Building up a regulatory pathway is extremely important for the living therapeutics design. But the choice of meal-connected signals in the nasal cavity is extremely poor. We consider a great result of our brainstorming, that we have discovered an alternative: why do we need an outer signal, if we can just help people stick to their diets? We are going to make our bacteria secrete Leap-2 periodically, increasing the appetite when it is dinner or breakfast, and decreasing it after the meal is taken to prevent uncontrolled snacking. As long as we know it is the first living therapeutics project exploiting the genetic oscillator for the regulation. We believe there would be more of them, because circadian rhythms play a crucial role in our health, so why not use them?

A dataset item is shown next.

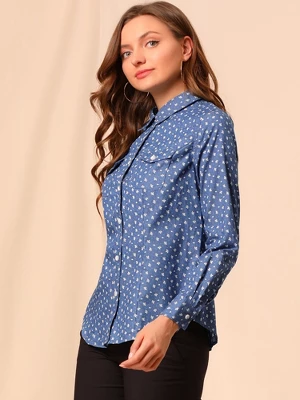 Allegra K Women's Point Collar Chest Pockets Button Down Dots Shirt 1 Allegra K Women's Point Collar Chest Pockets Button Down Dots Shirt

Fig. 4. Expected production and secretion pattern of chimeric protein.

The article, on which we based our idea of making a fusion protein with the cell-penetrating peptide, LWMP, [12] states that the mechanism by which their fusion protein travels to the hypothalamus via the olfactory and trigeminal nerves is unclear. It is speculated that endocytosis and macropinocytosis play an important role, however, the intra-tissue penetration mechanisms are “largely unknown” and most likely occur via an extracellular mechanism. Therefore uncovering the underlying mechanism behind this type of delivery is a point of interest to us, and an interesting area of research in itself. To account for both potential mechanisms we decided to use two simple in vitro models. You can read more about it on the Implementation page.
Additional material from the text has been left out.